Basically the spawned process is stuck here presumably waiting for a response from the group_leader which never comes. Looks like the response to the IO request got lost because the group_leader is waiting for more data.

2 Likes

I have had a few hangs of newly opened job too just now. It certainly looks like a bug in either Erlang or some lib it depends on.

I am on Arch Linux, and asdf-compiled Erlang and Elixir, but will try something more standard like Ubuntu and Erlang Solutions packages to see if the problem is there too.

I’m wondering if the shell switching code is manipulating the group_leaders themselves or the group_leader setting on the processes - that could potentially create a window during which there is the possibility of IO requests/replies being lost.

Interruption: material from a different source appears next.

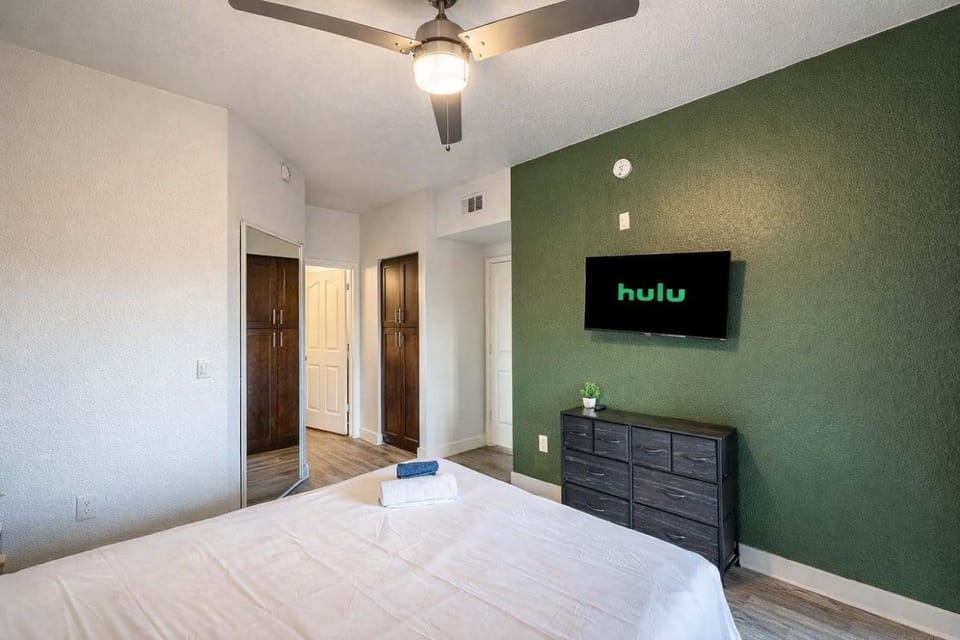 Near Diablo Stadium & DT Tempe Gym Pool W&D Prking Apartment in Tempe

I ran the experiment on OSX Sierra 10.12.6 (Homebrew).

And I’ve run this test on Ubuntu, Erlang 18 - 20, the issue is present there too.

Wanted to report a bug at Erlang bugtracker but it seems down :frowning: https://bugs.erlang.org/

1 Like

Just to follow-up, I indeed found a bug in Erlang/OTP. This has been already resolved by the awesome OTP team, and is working correctly on master.

The next release that will include the fix will be 20.1.

2 Likes

I be damned! This sounds very similar to my problem… now I gotta study this page here =)